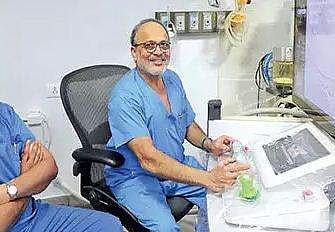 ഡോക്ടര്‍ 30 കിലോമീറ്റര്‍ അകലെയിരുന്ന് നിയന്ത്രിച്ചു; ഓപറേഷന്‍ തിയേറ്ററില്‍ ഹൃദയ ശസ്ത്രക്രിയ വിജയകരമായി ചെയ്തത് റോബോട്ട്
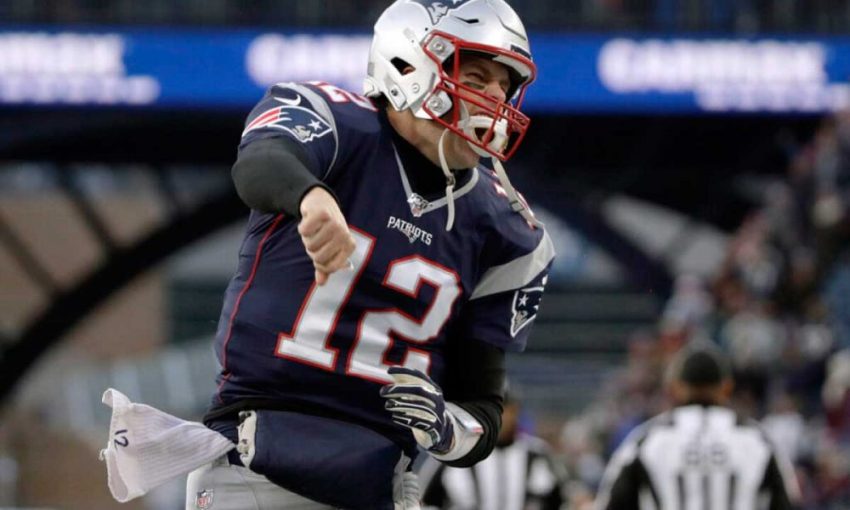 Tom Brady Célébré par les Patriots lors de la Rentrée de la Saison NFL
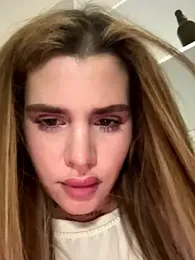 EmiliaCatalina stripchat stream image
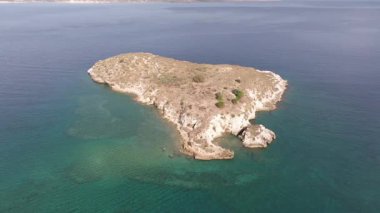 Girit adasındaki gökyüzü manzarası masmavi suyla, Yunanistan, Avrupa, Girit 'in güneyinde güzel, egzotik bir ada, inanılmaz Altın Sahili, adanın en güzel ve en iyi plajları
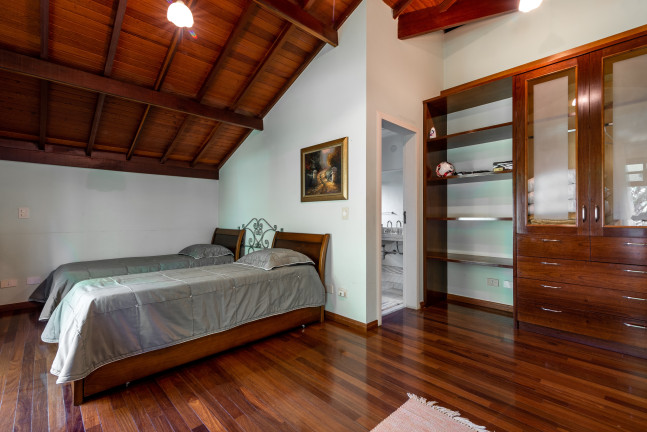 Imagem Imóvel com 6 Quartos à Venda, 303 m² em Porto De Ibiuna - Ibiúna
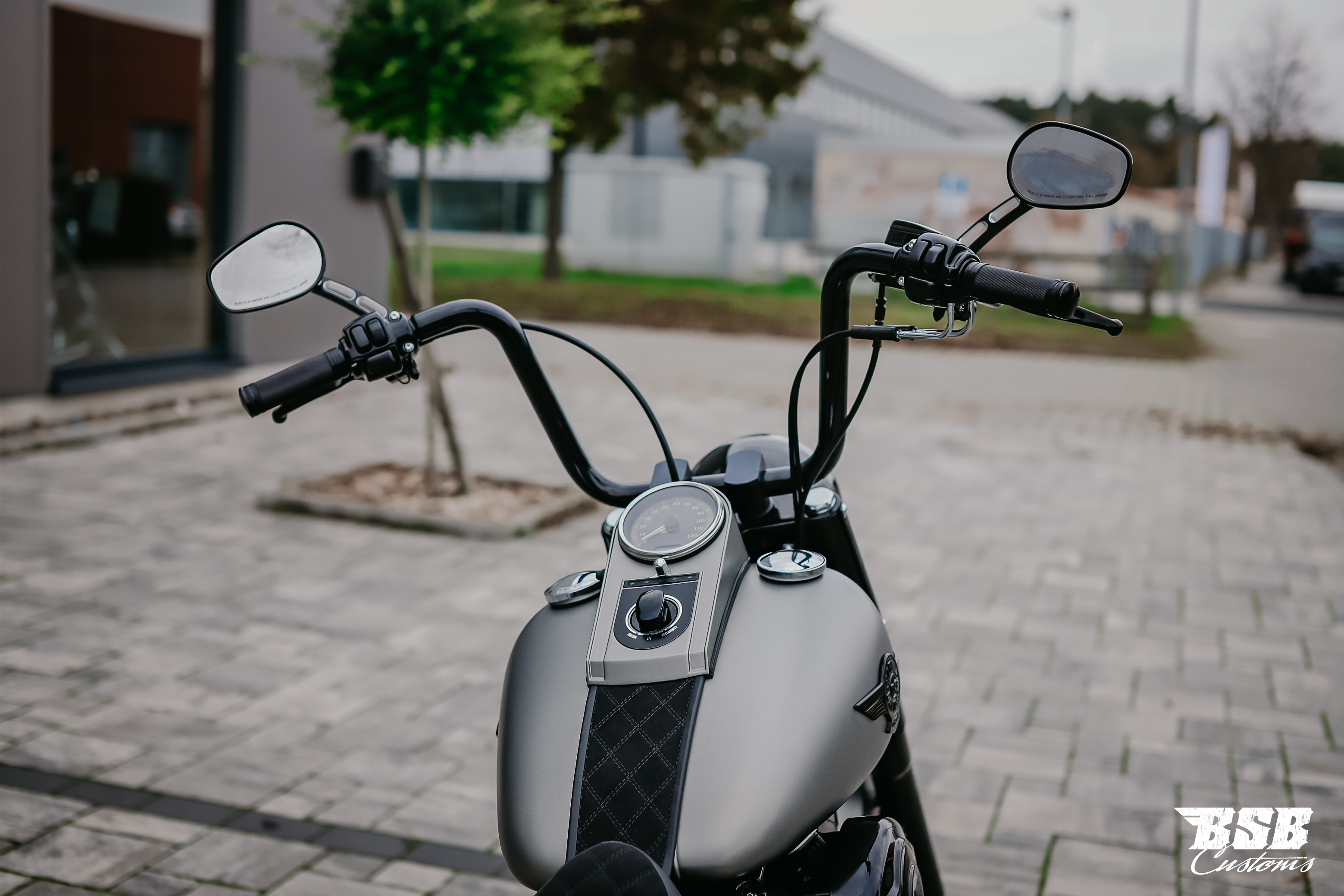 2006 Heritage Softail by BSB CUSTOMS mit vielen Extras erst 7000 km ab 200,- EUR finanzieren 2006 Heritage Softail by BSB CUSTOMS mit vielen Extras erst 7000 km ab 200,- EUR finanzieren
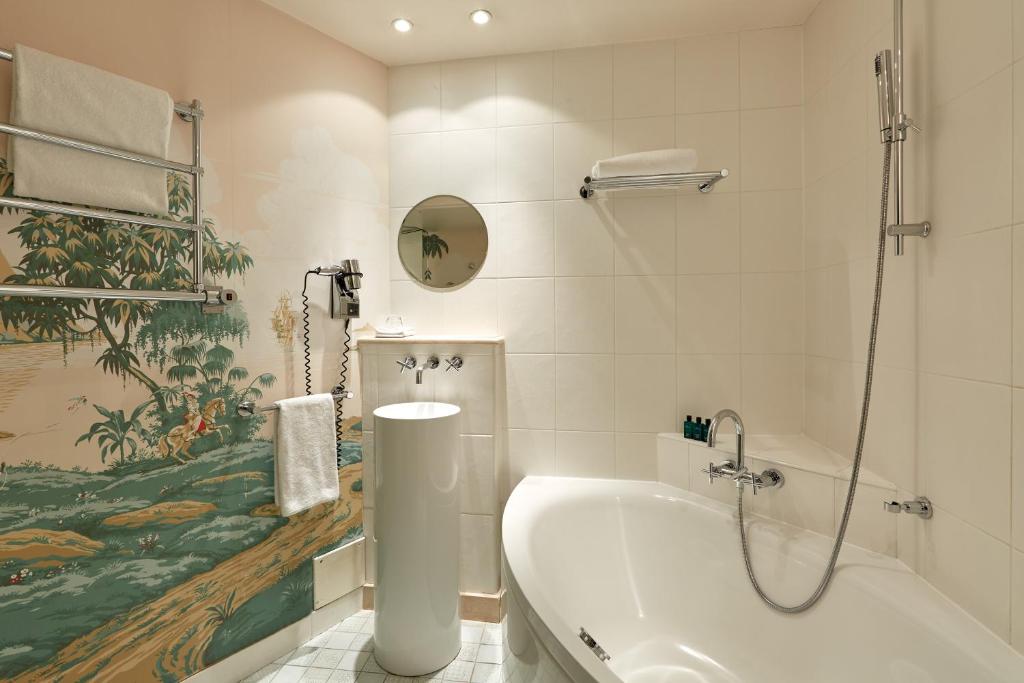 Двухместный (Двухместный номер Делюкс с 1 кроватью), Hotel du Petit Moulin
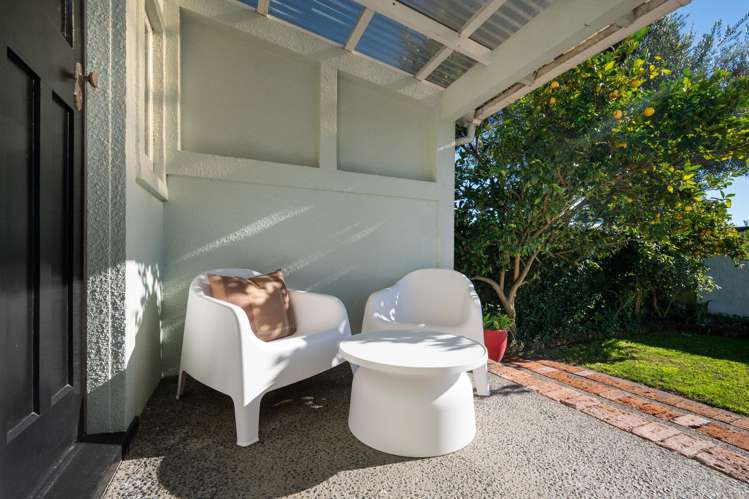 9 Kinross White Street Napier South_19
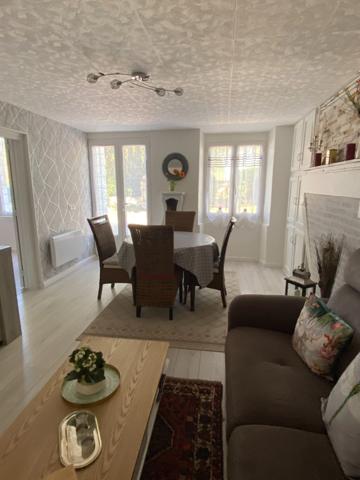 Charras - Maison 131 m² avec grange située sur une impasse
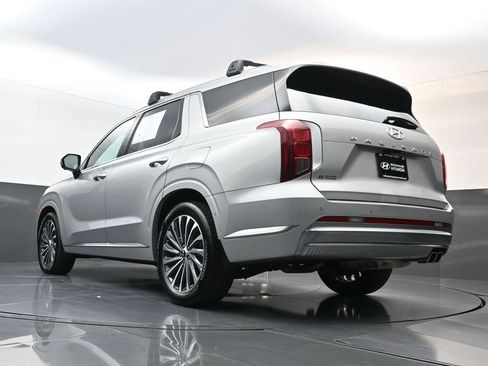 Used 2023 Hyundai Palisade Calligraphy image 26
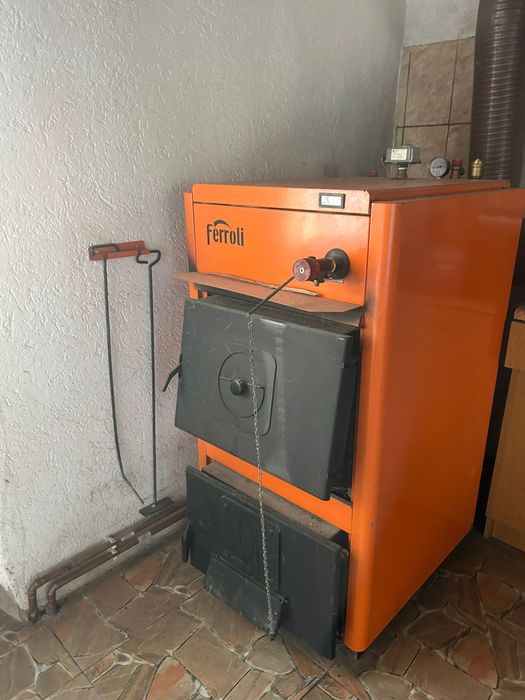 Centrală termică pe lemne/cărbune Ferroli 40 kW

==

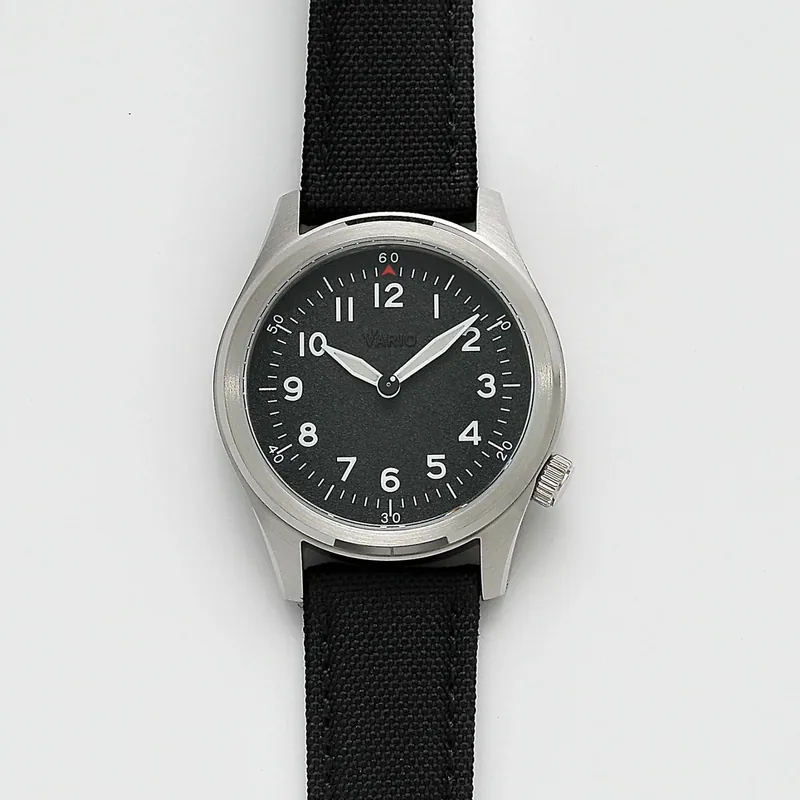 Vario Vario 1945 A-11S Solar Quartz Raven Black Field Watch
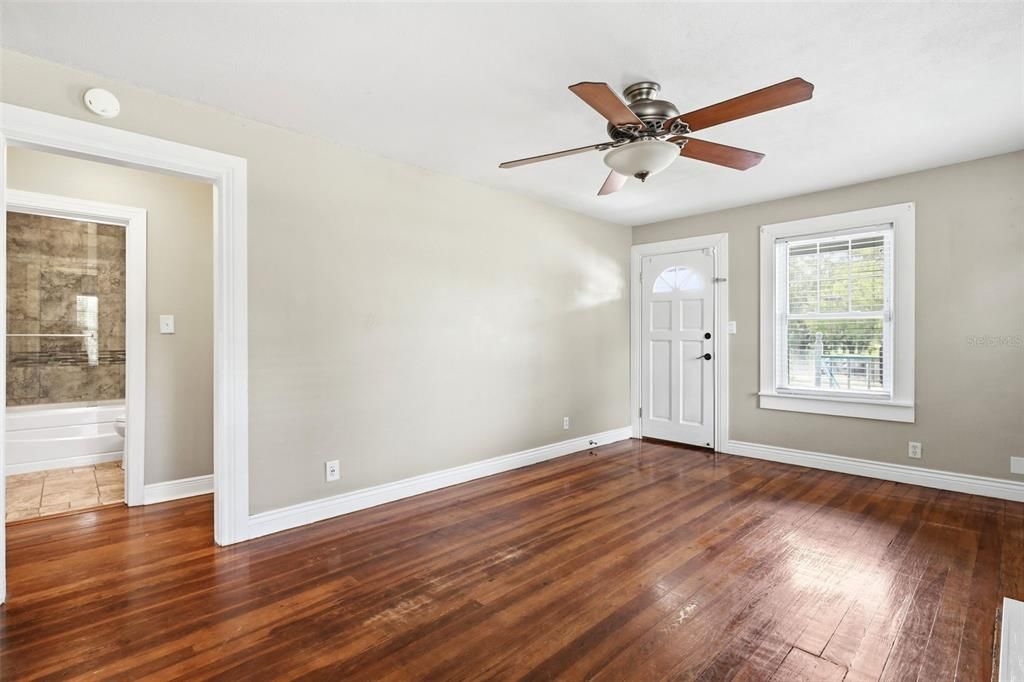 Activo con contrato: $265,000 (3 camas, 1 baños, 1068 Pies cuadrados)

Assignment: Look above for the line with "ഡോക്ടര്‍ 30 കിലോമീറ്റര്‍" and the line with "Charras - Maison". Give again exactly those two lines and all lines between them, pictures excluded.

Reply to the task:
 ഡോക്ടര്‍ 30 കിലോമീറ്റര്‍ അകലെയിരുന്ന് നിയന്ത്രിച്ചു; ഓപറേഷന്‍ തിയേറ്ററില്‍ ഹൃദയ ശസ്ത്രക്രിയ വിജയകരമായി ചെയ്തത് റോബോട്ട്
 Tom Brady Célébré par les Patriots lors de la Rentrée de la Saison NFL
 EmiliaCatalina stripchat stream image
 Girit adasındaki gökyüzü manzarası masmavi suyla, Yunanistan, Avrupa, Girit 'in güneyinde güzel, egzotik bir ada, inanılmaz Altın Sahili, adanın en güzel ve en iyi plajları
 Imagem Imóvel com 6 Quartos à Venda, 303 m² em Porto De Ibiuna - Ibiúna
 2006 Heritage Softail by BSB CUSTOMS mit vielen Extras erst 7000 km ab 200,- EUR finanzieren 2006 Heritage Softail by BSB CUSTOMS mit vielen Extras erst 7000 km ab 200,- EUR finanzieren
 Двухместный (Двухместный номер Делюкс с 1 кроватью), Hotel du Petit Moulin
 9 Kinross White Street Napier South_19
 Charras - Maison 131 m² avec grange située sur une impasse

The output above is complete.